こちらの天守閣がよく見渡せれる場所に架かっていた橋は「下乗橋」という、この橋を渡る際には下馬する事が義務づけられていた橋のようだ。江戸時代には勿論馬に乗って城内にやって来る庶民なんて居なくて、家老などの身分が高い役職の人物や幕府から派遣された人などが馬を乗りつけて城内に来ても、ここから先は馬から降りないといけなかった。

 

 

なおこの「下乗橋」は二ノ丸から本丸へ渡る重要な橋で、万が一敵が城内に侵入してきた際には本丸に到達できないようにいつでも壊せるようにと質素な造りになっていたようだ。なので今見られる下乗橋はそれなりに頑丈な造りの橋だが、昔はその気になったら壊せる程だったので擬宝珠なども取り付けられていなかったそうだ。

 

弘前城天守閣が本来の位置にあった時には、この下乗橋からの眺めが一番の写真スポットになっていたようだ。
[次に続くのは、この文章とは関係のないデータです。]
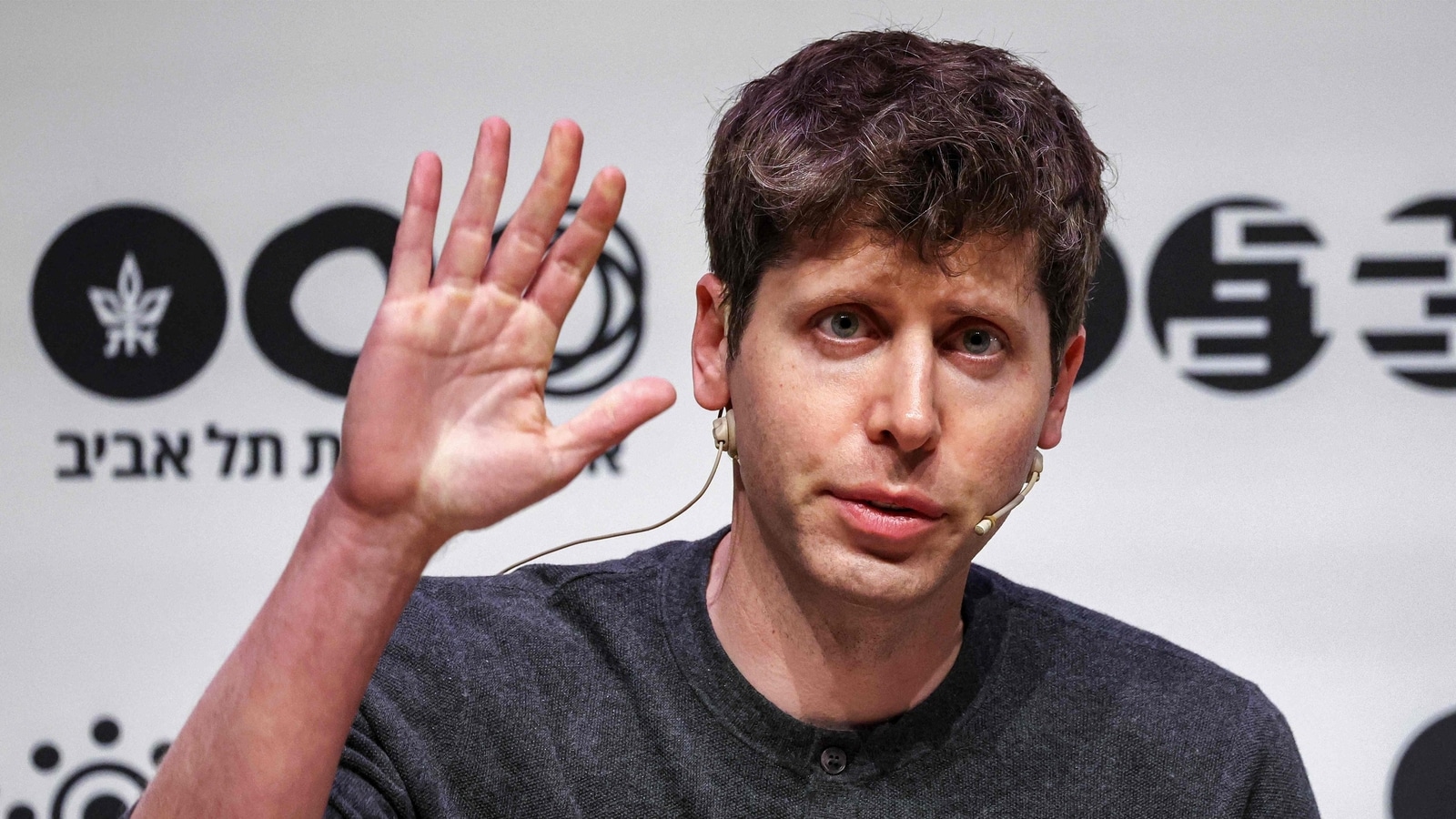 SHOCKING! Sam Altman fired as the CEO of OpenAI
しかし天守閣が曳家されてしまった今では、このように下乗橋の上からは天守閣はちょっとしか見えなくなってしまっていた。

青森ンゴ
青森ンゴ

2025年頃には再び下乗橋が人気の撮影スポットに復活すると思うヨ!

 

 

改修工事中のショベルカー 動画

 

 

その下乗橋を渡って先に進んで行くと、このように目の前に天守閣の建物が近づいて見えてくる。なお、こちらには門構えのような跡が残されており、ここにはかつて「武者屯御門跡」という本丸を守る門が造られていたようだ。

 

ただ残念ながら弘前城天守閣内の見学は冬場は閉館となって、見学する事が出来なかった。しかし、天守閣が閉まっている冬場は普段なら有料区域となっている本丸内に無料で入園できるようになっていた。

ネプちゃん
ネプちゃん

一勝一敗で引き分け~~!

 

そんな天守閣前の武者屯御門跡に植えられていたのは、こちらの弘前市古木名木にもなっている「御滝桜(オタキザクラ)という名前が付けられているシダレザクラ。1914年に在弘宮城県人会の寄付によって植えられたシダレザクラで、この「御滝桜」はあの棟方志功が名付けたとされている。

 

そして武者屯御門跡の脇にはそんなシダレザクラとは別に、こちらの「鶴の松」という名前が付けられたアイグロマツも植えられているのが見える。こちらのアイグロマツの樹齢はゆうに300年を越えていると考えられており、歳を取った鶴に姿が似ている事から「鶴の松」と名付けられたそうだ。

 

そして「御滝桜」「鶴の松」と来て、次に「亀石」と彫られた文字が目に入る。桜と松を見てから「亀石かよ!!」と思ってしまいそうだけど、こう名付ける位だから亀のように見える石が置かれているのだろう。

 

ただこの亀石というのは具体的にどの石を指すのかが明記されていなかったが、恐らくこの中央に写っている石が一番亀っぽい石に見えた。ただ亀石というのが亀の甲羅のような形をしているのか、それとも亀の頭の形になっているかが分からなかったので、こちらの石を暫定的に亀石と認識する事にしたのであった。

 

こんな旅はまた次回に続きます!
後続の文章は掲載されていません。